Saya booking tiket menggunakan tiga agen sekaligus. Pertama dari Jakarta ke Hong Kong menggunakan ClickPAPUA, kemudian dari Hong Kong ke Bangkok menggunakan agen tiketPAPUA.com, lalu dari Bangkok ke Chiang Mai menggunakan agen Go Melanesia. Tiga agen tiket sekaligus agen PPOB dan agen pulsa ini saya selalu gunakan dalam membooking, melakukan pembayaran dan juga booking hotel.
Saya bukannya tiba dan tinggal di Bangkok, tetapi saya harus ke Chiang Mai. Tentu saja pesawat saya ke Chiang Mai menjadi batal. Saya tidak punya waktu dan tenaga untuk mengurus pergantian tiket, saya terpaksa beli tiket baru.Tetapi saya juga agen tiket berjalan, jadi saya dapat membeli tiket pesawat dengan smartphone Advan generasi tua harga germurah sedunia yang sedang saya pegang.
Ada sejumlah pelajaran yang saya dapatkan selama berada dalam antrian selama hampir 12 jam di bandara internasional di Bangkok ini.
- Sabar adalah subur, ini sebuah pepatah yang sudah tidak berguna kelihatannya, tetapi pada waktu inilah saya sadari bahwa kesabaran sangat dibutuhkan di sini. Saya tahu, bahwa nenek-moyang saya tidak pernah punya jam, menit, detik, tahun, tanggal, bulan, minggu segala. Yang dikenal nenek-moyang dan saya di waktu kecil adalah pagi, siang, sore, malam. Jadi mengapa saya harus marah, menyesal atau apa-apakan? Saya santai saja, walaupun gelisah, tunggu di antrian selama hampir 12 jam.
- Semua orang, kecil, besar, tua, muda, warga Thailand, orang asing, semua diperlakukan sama. Memang ada jalur ASEAN, jalur APEC, jalur orang Thailand, akan tetapi pada waktu ini, semuanya ditiadakan. Semua diperlakukan sama. Semua disuruh antri. Entah orang kaya, atau miskin, hitam atau putih, Islam atau Hindu Budha Kristen, semua sama saja, orang hamil atau ada bayi kecil, nenek-kakek, atau juga muda-mudi, semuanya disuruh antri. Semua diperlakukan sama di hadapan hukum imigrasi waktu itu.

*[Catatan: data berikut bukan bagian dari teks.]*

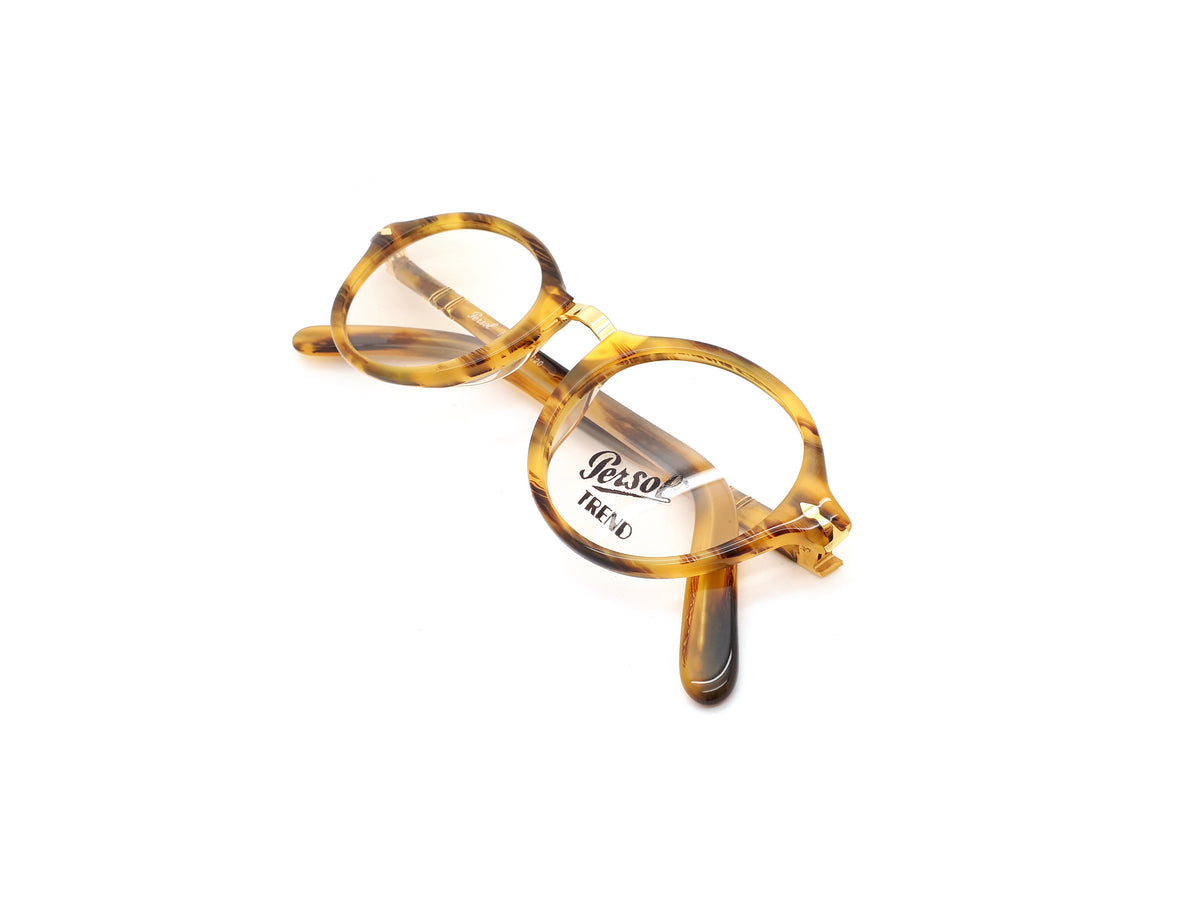Persol Ratti - IRIS 59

- Retreat untuk saya sudah dimulai saat itu, bukannya dimulai seminggu kemudian. Dengan persiapan ini saya menjadi lebih siap untuk memasuki ruang gelap-gulita tanpa ada waktu jam, hari, tanggal, bulan di dalam ruang gelap nanti.
Di akhir dari semuanya, saya telah memutuskan, walaupun ada pelajaran barik saya petik, saya sudah putuskan dan berdoa kepada Tuhan, “Ya Tuhan, jangan bawa saya ke dalam situasi seperti ini lagi. Kalau ini hukuman, yang Tuhan saya minta cukuplah hukuman ini. Kalau ujian, janganlah kiranya Tuhan berbuat seperti ini lagi. Kalau ini baik untuk kemajuan perjalanan hidup saya, ya Tuhan aku siap untuk menjalaninya.
Akhirnya saya berdoa, “Aku siap menghadapi apapun, kapanpun dan di manapun. Asal Engkau kehendaiki, saya siap menjalaninya. Apa yang saya kehendaki itu bersifat sementara dan tidak selalu menguntungkan, tetapi yang Engkau kehendaki pastilah lebih menguntungkan, kalau bukan di dunia ini, pasti di surga nanti.